The second case is more complex. Apple is accusing Think Secret along of violating its trade secrets rights with stories about iSync 1.1 (dating back to 2003), iWork and the Mac mini. Here, there are three issues:
- Whether the reports are protected under the First amendment.
- Whether the stories did, in fact, reveal trade secrets.
- Whether in fact what Apple is claiming are trade secrets actually are, in fact, covered by the law.
I’m inclined to agree that there’s no First Amendment issue here. While the stories are of public interest, and could be arguing to be in the public interest, it’s at best relative minor and is probably outweighed by Apple’s right to keep secret its projects before release.
However, the other two issues have more merit. Think Secret did not, as has been claimed a lot around the web, give all the details of the Mac mini. In fact, its report was wrong on a number of key points, and vague about the design of the box. It didn’t give the name, there was no drawing of the product, and it would have been extremely difficult for any competitor to produce a “spoiler” product based on the report. The same is true for the other reports. I’d argue that the reports were actually vague enough to fall outside the notion of revealing trade secrets, and instead fall into the long-standing practice in trade journalism of informed speculative pieces.
This raises point number three: where the facts revealed actually covered by trade secrets law? Trade secrets law was intended to prevent economic damage to companies caused by the premature release of information, either by allowing competitors to produce “me too” products (or use FUD) or by dissuading consumers from buying the previous model. Clearly, the details in the Think Secret stories were too vague to allow competitors to create spoiler products. Had you made a machine based on the description in the Think Secret piece on the Mac mini, for example, you’d have ended up with something more like a Mac LC than a Mac mini.
So that rules out that aspect of economic damage. What about the sales factor? Well, the Think Secret report on the Mac mini appeared about two weeks before the keynote itself – hardly a vast amount of time. What’s more, few people buy in the couple of weeks before a Macworld, for the very good reason that it’s almost certain something new will come out. The kind of people who do buy aren’t the kind that read Think Secret. What’s more, Think Secret wasn’t the first site to report that a very low-cost Mac was likely to appear at Macworld: the cat, really, was out of the bag long before that, in vague reports and murmerings.

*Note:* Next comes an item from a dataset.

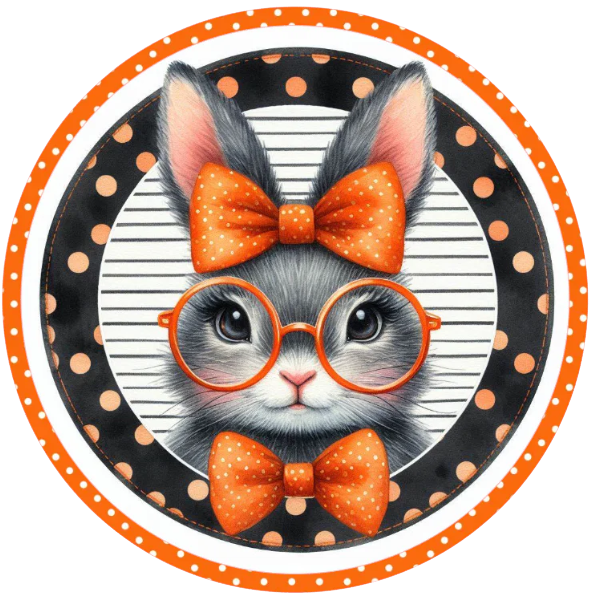 Round metal wreath sign with a bunny rabbit in glasses and orange themed glasses, bows, polka dots and stripes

Scoble is right when he says that trade journalism is necessarily adversarial. The aim of a good trade journalist is to find out everything that’s going on in his industry, whether that’s a trade secret or not. Like most kinds of journalist, trade journo’s are gossips: we’re highly social people.
But what matters is what you do with that information. Personally, I don’t think that Think Secret’s stories overstepped the mark, because they were actually fairly generic and vague. Those who are talking of this as a threat to freedom of speech are wrong: at worst, it will reaffirm that you can’t print trade secrets, and that not everyone is a journalist. However, those who are talking about Apple’s absolute right to crack down on anyone who even mentions a new product are equally wrong. Some things simply aren’t trade secrets: and I’d say that nothing in Think Secret’s original reports is actually in that category.